A versão mais conhecida em Portugal narra inicialmente a proveniência do Santo Graal, cálice ou vaso que continha o sangue de Cristo, recolhido por José de Arimatéia e por ele transportado, passando por múltiplas vicissi-tudes, desde Jerusalém até o castelo de Corberic, na Inglaterra, onde ficou guardado pelo “Rei Pescador“, misteriosamente doente. O mago Merlim profetiza que novos tempos seriam inaugurados com a chegada de um cavaleiro predestinado, capaz de romper o encantamento do Santo Graal.
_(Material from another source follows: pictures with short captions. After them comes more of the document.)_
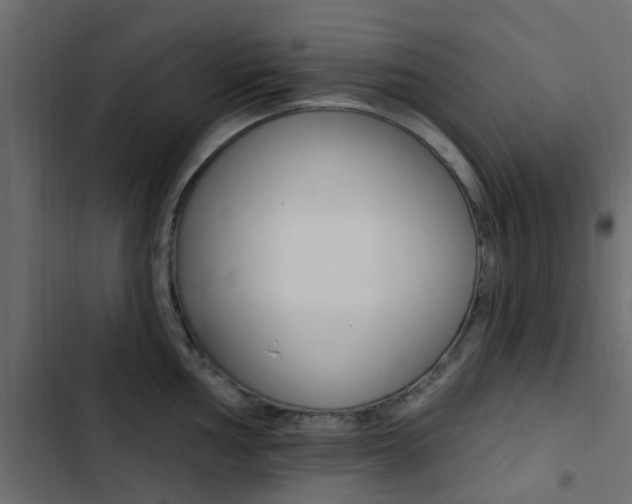 X0000103911002200809191115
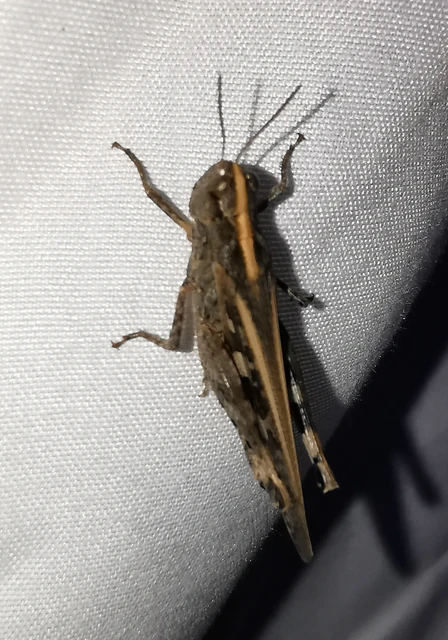 Orthoptera - Egyenesszárnyúak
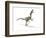 Velociraptor Dinosaur, Artwork-null-Framed Photographic Print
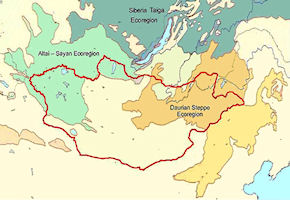 Mongolia Ecoregions Map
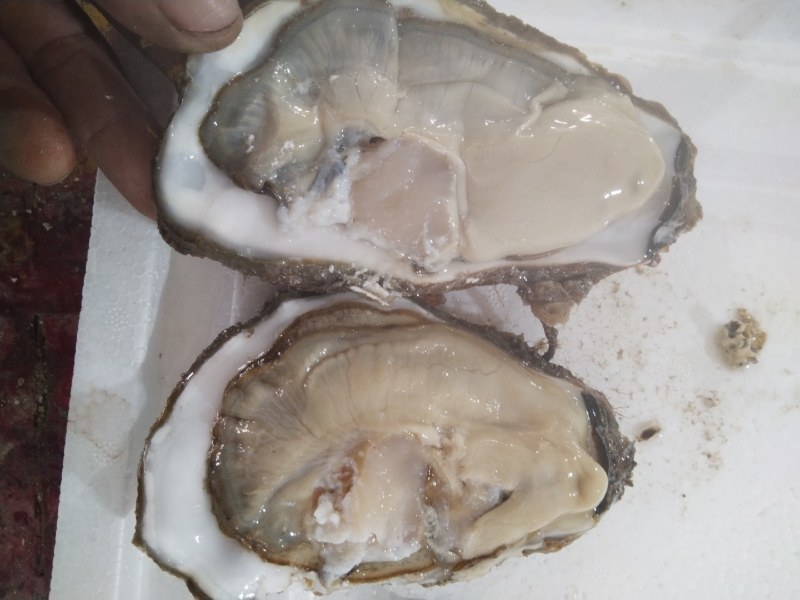 海胆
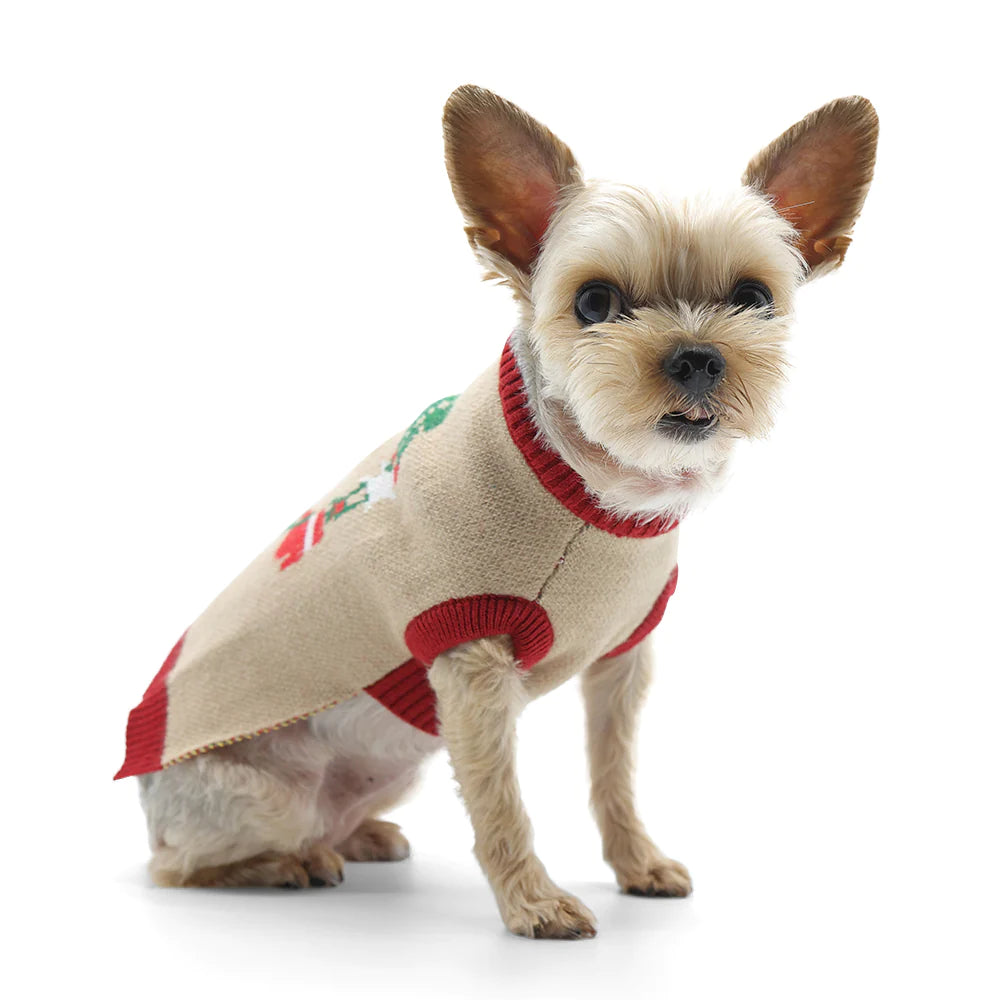 Dogo Pet - Sweater Christmas Wreath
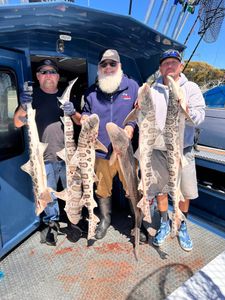 Leopard shark fishing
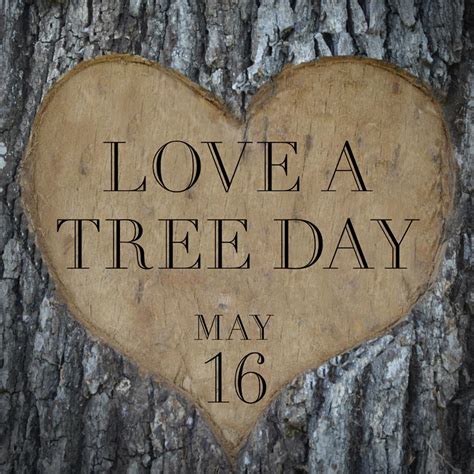 Love a tree day quotes. Today is National Love a Tree Day! Tag a tree lover.??? | Scoopnest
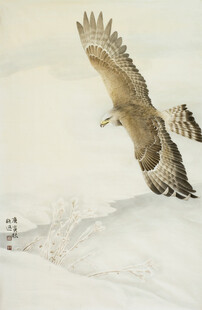 雪野中展翅翱翔的雄鹰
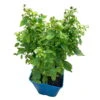 Zwerghimbeere Lowberry® Baby Dwarf®, 5 L Topf -Madison Verkäufe 0480900236 Baby Dwarf Zwerghimbeere 105181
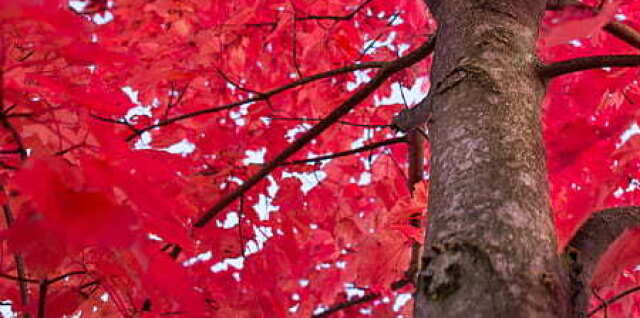 vermelho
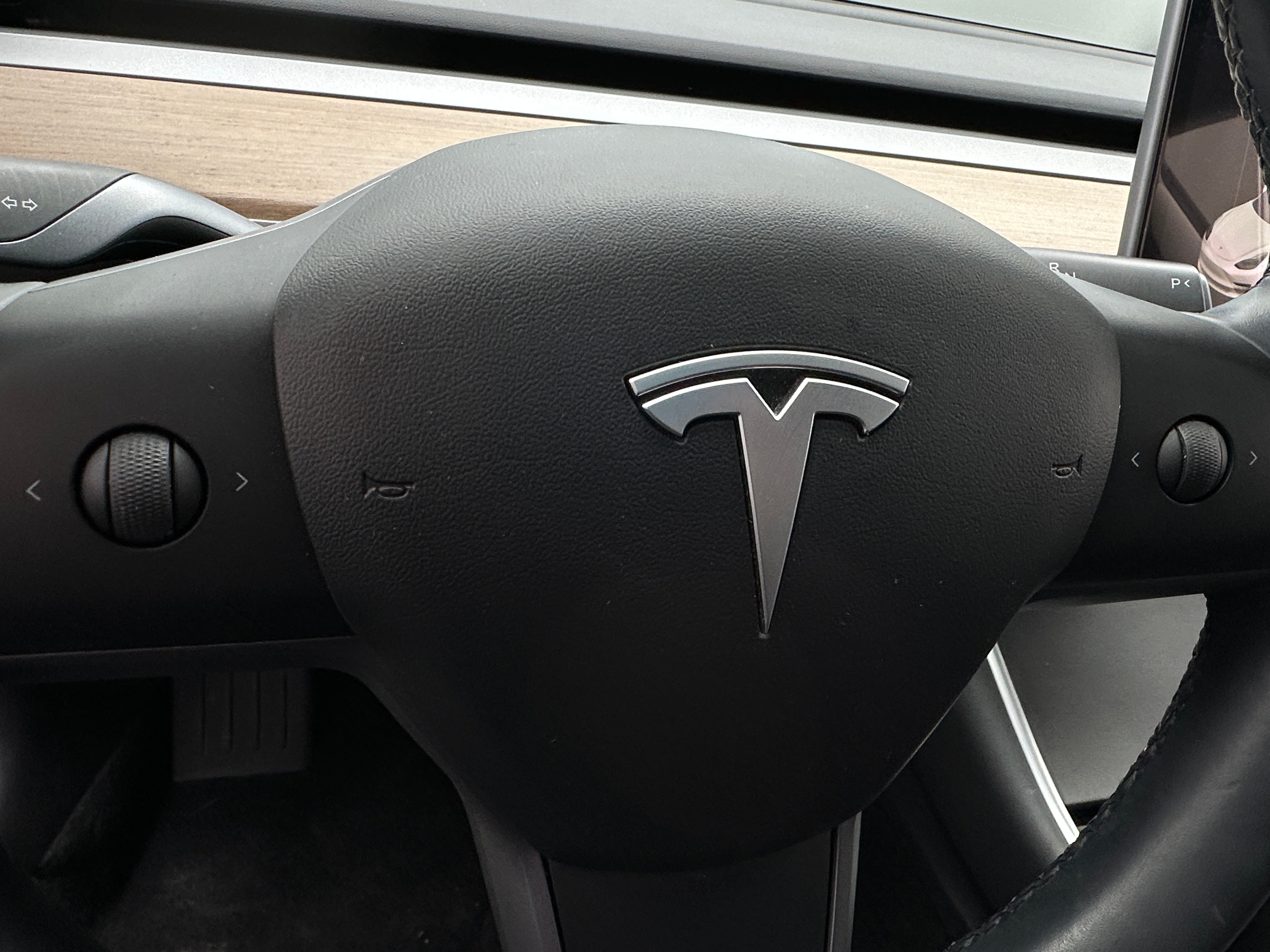 2019 Tesla Model 3 Standard Range 4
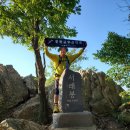 청목장갑 이미지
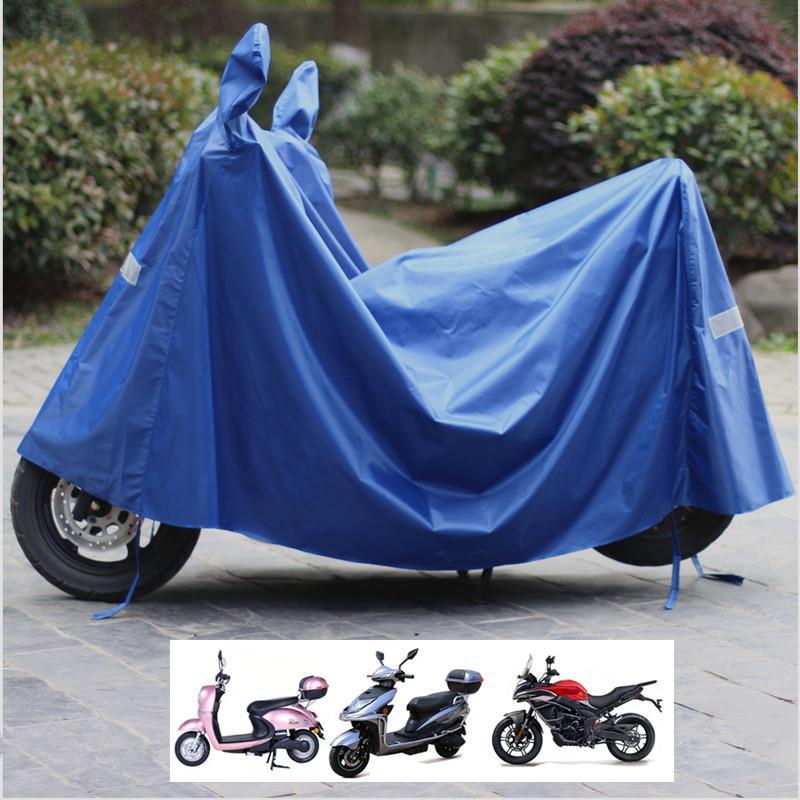 Large blue model with ears, suitable for rearview 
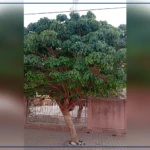 Nioro du Rip : un arbre venu du Togo devenu symbole écologique et mémoriel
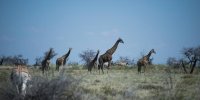 Namibie : l’une des plus grandes réserves animalières d’Afrique menacée par un incendie gigantesque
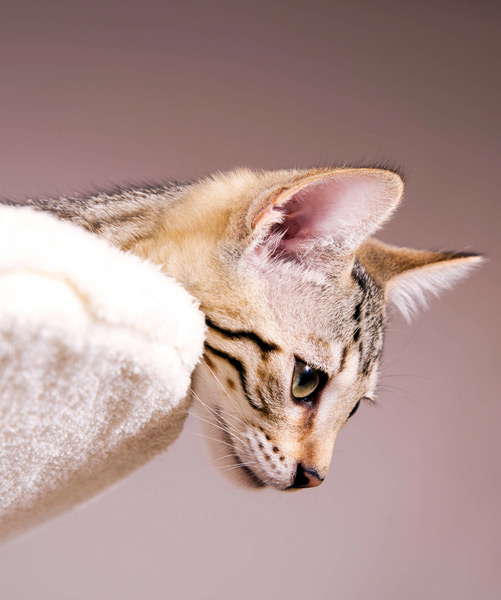 Zubehör im zookauf-Themenkatalog Katze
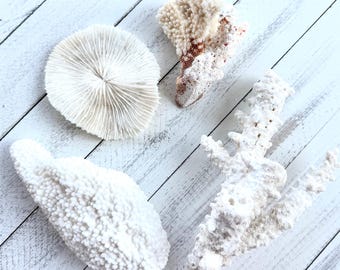 Assorted Real Coral Pieces: Beach Wedding Decor, Nautical Home Decorations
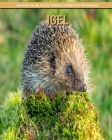 Igel: Ein erstaunliches Tierbilderbuch für Kinder By Martyna Castaldo Cover Image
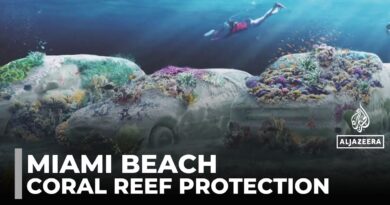Cement cars form new coral reef park: Miami reef revival driven by art and science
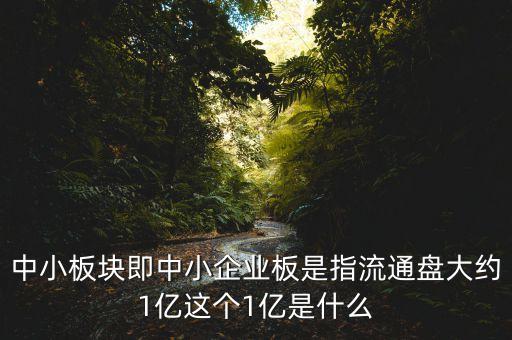 中小板指什么，中小板塊即中小企業(yè)板是指流通盤大約1億這個1億是什么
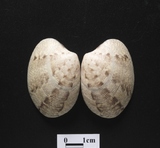 �ǦW:Tapes sericeus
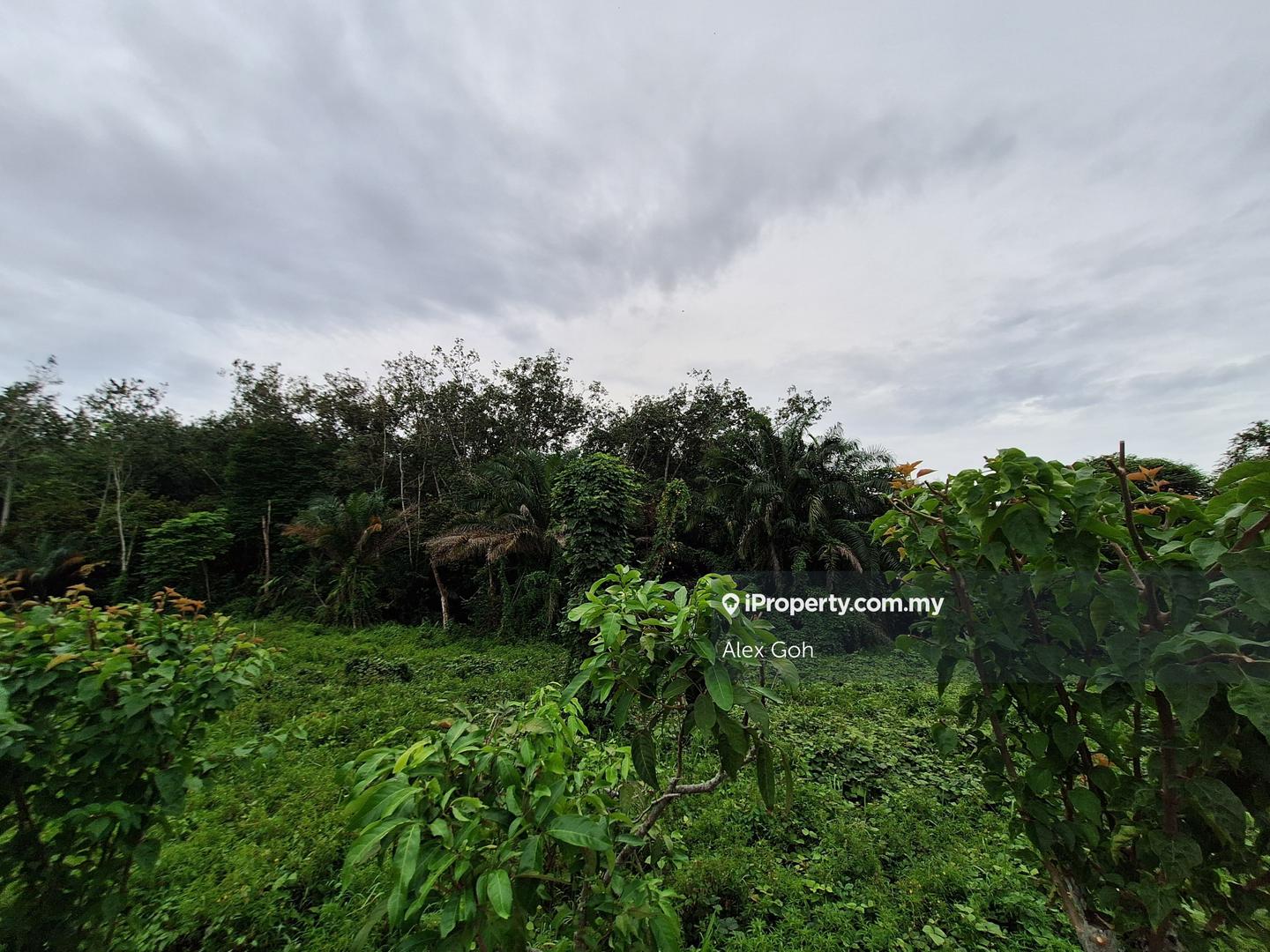 Tanah Pertanian untuk Dijual di Jalan Pajam Mantin, Pajam oleh Alex Goh - iProperty.com.my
No dia de Pentecostes (dia do Espírito Santo), 150 cavaleiros reunidos em Camaalot, na corte do Rei Artur, em torno da távola redonda, esperavam ansiosamente a chegada do cavaleiro misterioso que iria ocupar a cadeira perigosa. Surge então Galaaz, filho de Lancelote. O Rei Artur conduz todos até a praia, onde Galaaz dá prova de sua destinação como cavaleiro eleito: consegue retirar a espada encravada numa pedra flutuante, façanha que nenhum cavaleiro conseguira realizar. À noite, reunidos em torno da távola redonda para a ceia, os cavaleiros são surpreendidos pela aparição do misterioso vaso, o Santo Graal, que a todos ilumina com a Graça do Espírito Santo e os nutre com a luz de um místico alimento. Sobressaltados e extasiados com a experiência mística, os cavaleiros do Rei Artur juram não descansar enquanto não encontrassem o cálice sagrado que os iluminaria com a graça celestial.
Começa então a demanda do Santo Graal, composta de inúmeras aventuras heroicas e sentimentais, que servem para pôr à prova a virtude e a coragem dos cavaleiros do Rei Artur. Somente Perceval, Boors e Galaaz resistem e, destes, coube a Galaaz o prêmio de, como o cavaleiro escolhido, gozar a graça da vida “espiritual” antes de se despojar da carcaça terrena. (O nome do “escolhido“, único a gozar a comunhão sobrenatural, deriva de Galaad, palavra de ascendência bíblica, que significa “o puro dos puros”, o próprio Messias, símbolo de um novo Cristo, ou um Cristo sempre vivo, em peregrinação mística pelo mundo.)
Após a “consagração” de Galaaz, a novela continua com a narrativa do caso amoroso adulterino de Lancelote, pai de Galaaz, e da rainha Ginebra, esposa do Rei Artur. Segue-se o colapso do reino de Logres e a morte de Artur, no meio de sangue, traições e lágrimas.
A cristianização da lenda pagã do Santo Graal transformou A Demanda em uma novela mística, um retrato vivo da Idade Média teocêntrica, em busca de um ideal utópico de vida, voltado para a salvação sobrenatural, o que não impede a existência do lirismo, do erotismo e do fantástico em cenas em que o real e o imaginário se cruzam de modo surpreendente. É o que ocorre nos capítulos 106-116, quando a filha do Rei Brutus, enfebrecida de paixão, penetra nos aposentos de Galaaz e se oferece ao “cavaleiro escolhido”, submetendo a uma dura prova sua inquebrantável castidade.